#### Task statement:
A verbatim copy of the lines from the one with "Bicicleta Aro 26" through the final line below is required; print it and nothing else.

==== Materials provided ====

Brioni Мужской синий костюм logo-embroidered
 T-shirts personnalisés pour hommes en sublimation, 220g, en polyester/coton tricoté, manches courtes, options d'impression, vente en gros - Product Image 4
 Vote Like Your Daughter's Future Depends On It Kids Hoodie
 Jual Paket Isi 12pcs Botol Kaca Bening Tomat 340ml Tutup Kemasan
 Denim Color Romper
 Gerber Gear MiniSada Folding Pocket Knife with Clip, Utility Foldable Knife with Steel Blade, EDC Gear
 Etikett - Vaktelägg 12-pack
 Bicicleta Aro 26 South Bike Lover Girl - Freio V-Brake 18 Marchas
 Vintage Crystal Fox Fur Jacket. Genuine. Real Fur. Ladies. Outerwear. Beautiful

====

#### Finished exercise:
 Bicicleta Aro 26 South Bike Lover Girl - Freio V-Brake 18 Marchas
 Vintage Crystal Fox Fur Jacket. Genuine. Real Fur. Ladies. Outerwear. Beautiful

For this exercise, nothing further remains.